Type 2 diabetes is a condition that occurs when an individual's blood glucose, or blood sugar, is chronically high. It is caused when the body becomes resistant to insulin, and the cells do not respond appropriately. While genetics plays a role in developing insulin resistance, lifestyle choices, including diet and exercise, are predominant factors contributing to type 2 diabetes.

A Functional Medicine approach to type 2 diabetes focuses on diet and lifestyle changes and is a strategy for managing and supporting overall health in individuals with type 2 diabetes.

[signup]

What are The Signs and Symptoms of T2D?

Typical symptoms of diabetes (2) may be very vague and include fatigue, sugar cravings, the inability to lose weight, and constant hunger. However, some people with type 2 diabetes have symptoms so mild that they go unnoticed. Others may have no signs or very vague symptoms like fatigue. This is sometimes called silent diabetes, and while the person may feel fine, significant changes to the nerves, blood vessels, and organs may begin to occur.

Common Symptoms of Type 2 Diabetes:

  • Frequent thirst and urination.
  • Poor wound healing.
  • Eye-related symptoms such as blurry vision, cataracts, glaucoma, and retinopathy.
  • Extreme fatigue.
  • Blurry vision.
  • Cuts/bruises that are slow to heal.
  • Tingling, pain, or numbness in the hands/feet.
  • Poor circulation that can lead to complications in fingers, toes, and limbs.

Insulin resistance and prediabetes are often present long before diabetes is diagnosed. It is not unusual for people to feel the need to eat every few hours to avoid crashing. This inability to go more extended periods without eating is a symptom of poor blood sugar control and should not be dismissed. Diabetes requires a medical diagnosis, but every individual can assess early symptoms of diabetes and hypoglycemia, including:

Early Symptoms

  • Shaky or lightheadedness
  • Sweet cravings
  • Headaches
  • Irritability if meals are delayed
  • Inability to sleep or waking after a few hours
  • Mood swings
  • Brain fog
  • Fatigue or energy fluctuations

What Is The Difference Between Type 1 Diabetes and Type 2 Diabetes?

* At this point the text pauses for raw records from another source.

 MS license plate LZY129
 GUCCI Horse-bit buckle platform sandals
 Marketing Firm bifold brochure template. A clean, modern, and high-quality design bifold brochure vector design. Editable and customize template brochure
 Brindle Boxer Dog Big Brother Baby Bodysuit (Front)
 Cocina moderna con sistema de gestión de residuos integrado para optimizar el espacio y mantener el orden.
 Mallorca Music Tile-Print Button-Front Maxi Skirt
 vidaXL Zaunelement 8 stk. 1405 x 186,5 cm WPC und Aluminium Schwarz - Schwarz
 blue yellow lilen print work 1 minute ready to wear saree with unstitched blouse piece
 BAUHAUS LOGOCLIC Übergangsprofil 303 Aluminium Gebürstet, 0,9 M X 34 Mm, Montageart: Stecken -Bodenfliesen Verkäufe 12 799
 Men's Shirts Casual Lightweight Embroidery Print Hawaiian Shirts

There are actually three types of Diabetes:

Type 1 Diabetes

Type 1 diabetes is also called juvenile diabetes or insulin-dependent diabetes and is an autoimmune condition.

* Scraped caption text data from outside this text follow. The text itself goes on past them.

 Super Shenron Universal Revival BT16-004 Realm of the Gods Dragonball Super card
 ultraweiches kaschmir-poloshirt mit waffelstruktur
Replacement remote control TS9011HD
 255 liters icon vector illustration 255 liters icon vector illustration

In Type 1 diabetes, the body's immune system attacks the cells that produce insulin in the pancreas. Insulin is needed to manage blood sugar levels and provide energy. The risk factors for type 1 diabetes are family history and genetics, and this condition usually occurs in children 4-14 years old but can be diagnosed at any age.

Type 1.5 Diabetes

Another form of diabetes that is becoming more prevalent as the rates of autoimmune conditions increase in our country is Latent Autoimmune Diabetes in adults (LADA), or type 1.5 diabetes.

Type 1.5 diabetes has a slower onset than Type 1 diabetes and is different from type 2 diabetes as it is caused by autoimmune vs. other risk factors.

Type 2 Diabetes

Type 2 diabetes is the most common type of diabetes and is caused by a combination of risk factors, including lifestyle and genetics.

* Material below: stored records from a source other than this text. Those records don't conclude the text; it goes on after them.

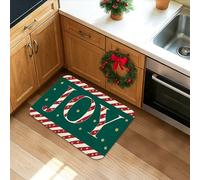 Joyful - Tappetini da cucina natalizi, motivo con bastoncini di zucchero e pois, morbidi, imbottiti, antiscivolo, lavabili, per lavelli da cucina, lavanderia, 50 x 78 cm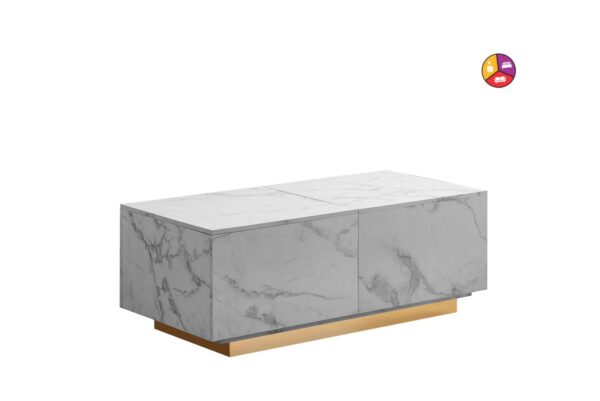 TABLE BASSE FLOTTANTE A COFFRE GOLD MARBRE BLANC - Image 2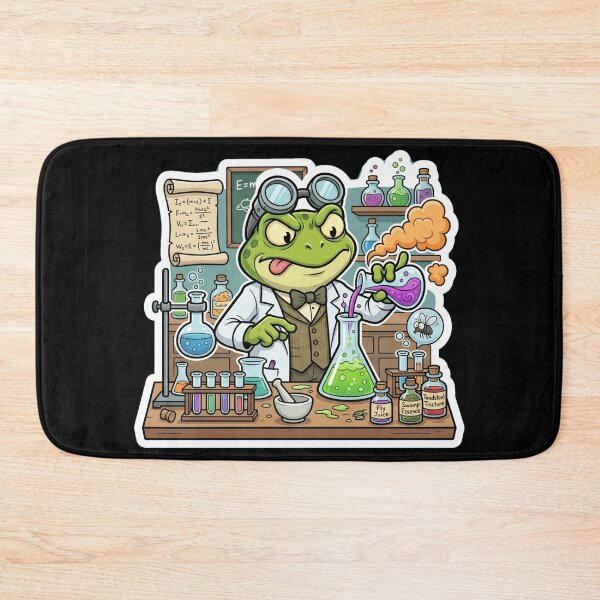 Item preview, Funny Frog Scientist Mixing Potions – Cute Cartoon Lab Adventure Art designed and sold by ArtsyExplorer.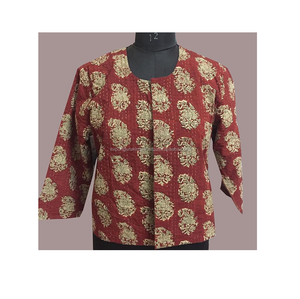 Bohemian Style Jaipur Embroidery <b>Jackets</b> Vintage Reversible Indian Kantha <b>Jacket</b> Indigo Printed Handwoven Wholesale - Product Image 3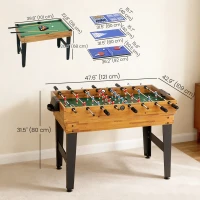 Soozier 48 in 13-in-1 Combo Multi Game Table with Foosball, Pool, Hockey and More for Adults, Light Walnut(m-3)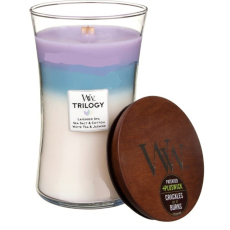 WoodWick Trilogy Calming Retreat - Uklidňující a relaxační vonná svíčka s dřevěným knotem a víčkem sklo velká 609,5 g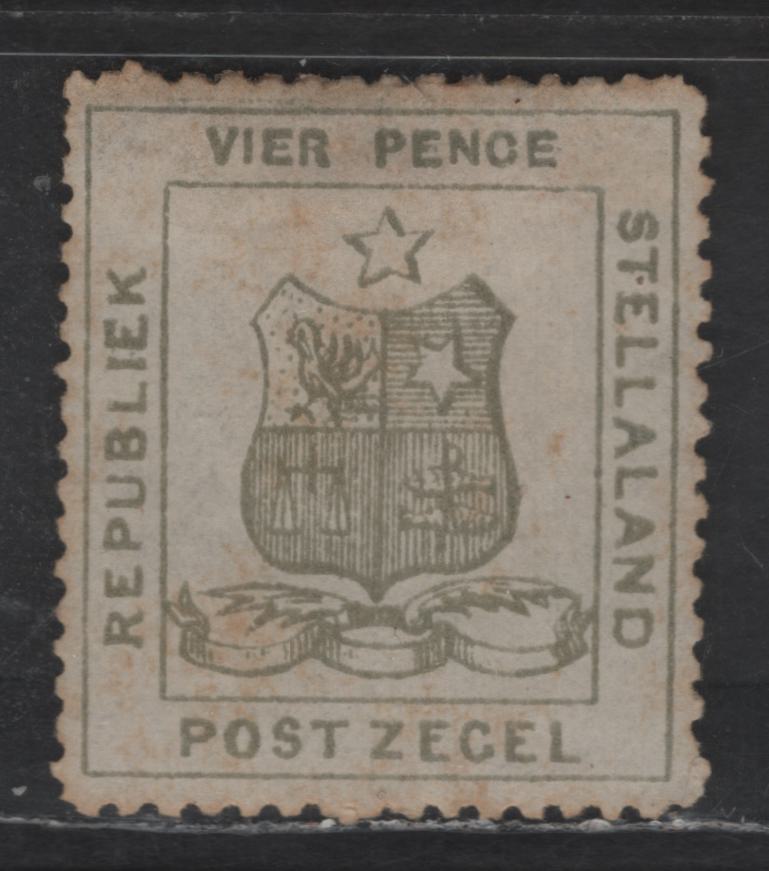 Lot 33 Bechuanaland - Stellaland SG#3 4d Olive Gray Coat of Arms, 1884 Arms Issue, A FOG Single, Severe Foxing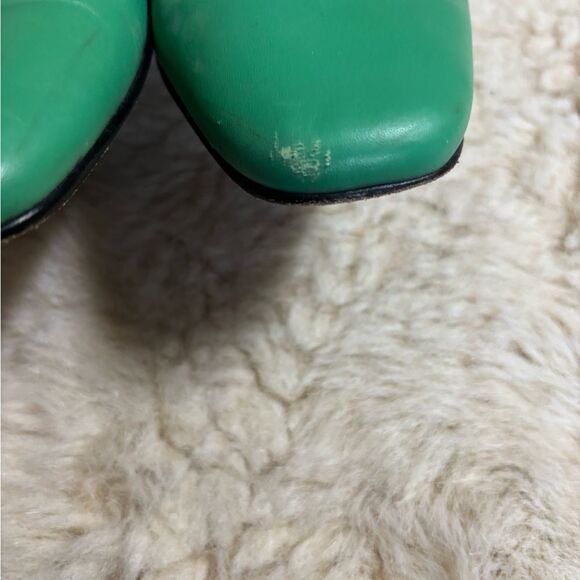 Talbots Green Leather Mules with Bow Detail size 8.5 Narrow - Picture 5 of 8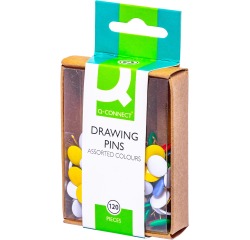 En_chincheta q-connect colores surtidos caja de 120 unidades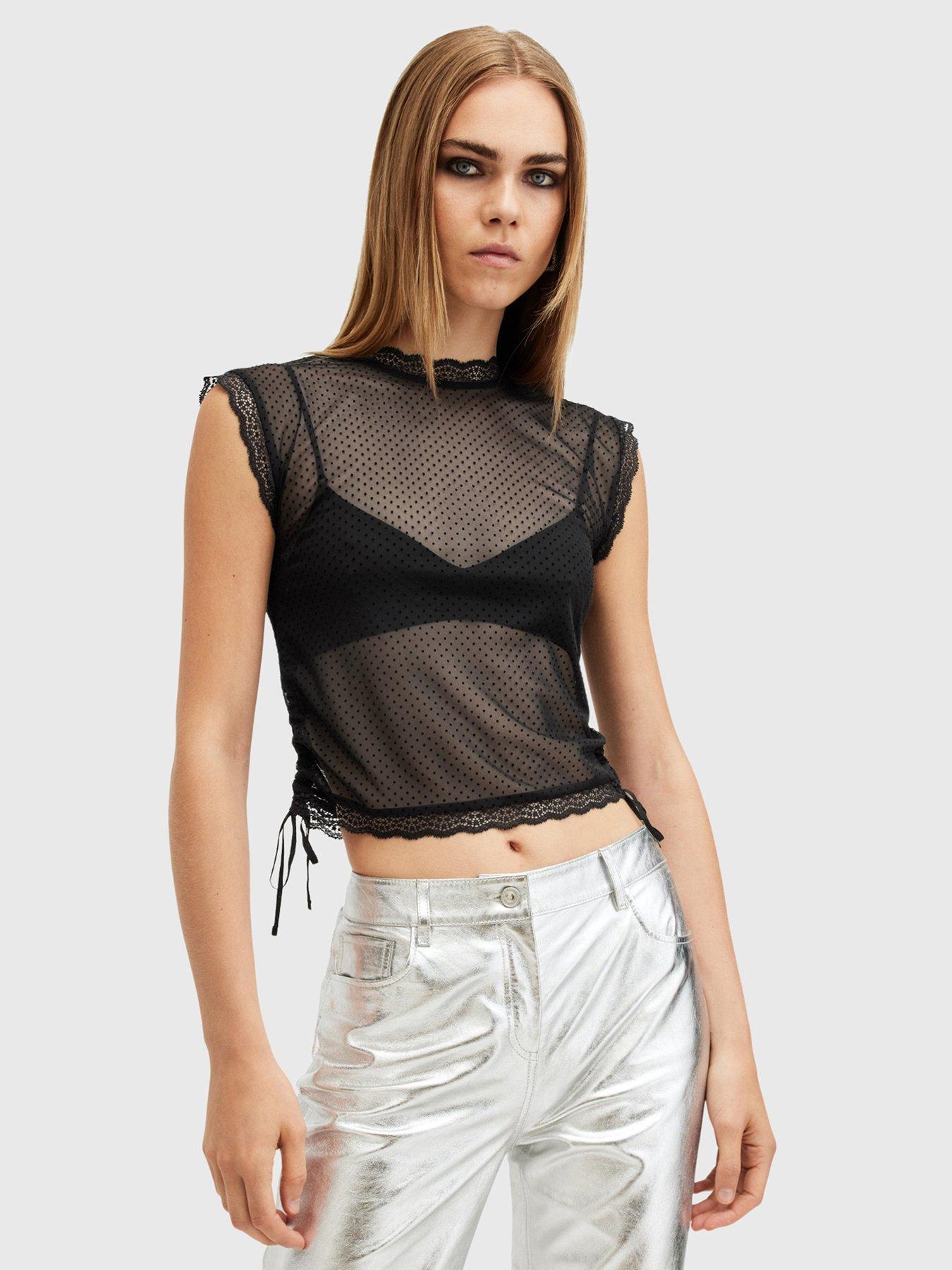 undefined Adara Polka Dot Tulle Tank Top - Black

The Diabetes Risk Test is an assessment tool to learn about your risk for type 2 diabetes. The rate of diabetes is expected to double or triple by 2050 (3); these projections show high levels of this condition in the near future.

Type 2 Diabetes Risk Factors

A person is at an increased risk for type 2 diabetes if they:

  • Over the age of 45
  • Has prediabetes
  • Had gestational diabetes while pregnant  
  • Has a family history of diabetes
  • Is overweight or obese
  • Is Black or African American, Hispanic/Latino, American Indian, Asian American or Pacific Islander
  • Is not physically active
  • Has other conditions such as high blood pressure, heart disease, stroke, polycystic ovary syndrome (PCOS), or depression
  • Has low HDL cholesterol and high triglycerides
  • Has acanthosis nigricans

What is Insulin Resistance?

Type 2 diabetes usually begins with insulin resistance, a condition in which muscle, liver, and fat cells do not use insulin well. As a result, the body needs more insulin to help glucose enter cells. At first, the pancreas makes more insulin to keep up with the added demand. Over time, the pancreas can't make enough insulin, and blood glucose levels rise. This leads to prediabetes and, ultimately, type 2 diabetes if not managed. People with insulin resistance or prediabetic have a 50% chance of developing type 2 diabetes within 5 to 10 years.

Blood sugar regulation is complex. However, a simplified explanation of the process in an individual with good blood glucose control can be summarized as follows:

  1. Blood glucose levels rise due to eating food that includes some form of carbohydrate.
  2. Glucose enters the bloodstream, which signals the pancreas to release insulin
  3. This appropriate insulin response helps the blood sugar (glucose) enter the cells.
  4. The glucose in the cells can be used for energy or stored in the liver for later use.
  5. Low insulin levels throughout the day signal the liver to release stored glucose if a person has not eaten in a while.
  6. Blood sugar remains normal throughout the day without going too high or too low.

Conversely, a person with impaired blood sugar handling (hyperglycemia, high blood sugar, prediabetes, or type 2 diabetes) will process glucose in the following way:

  1. High glucose levels are in the bloodstream, either from chronically elevated blood sugar or regularly consuming high levels of glucose in the form of carbohydrates.
  2. The pancreas produces more insulin to help the blood sugar get into the cells.
  3. Over time, the cells stop responding to insulin and become insulin resistant.
  4. The pancreas keeps making more insulin to try to make cells respond.
  5. At some point, the pancreas cannot produce enough insulin, and blood sugar keeps rising.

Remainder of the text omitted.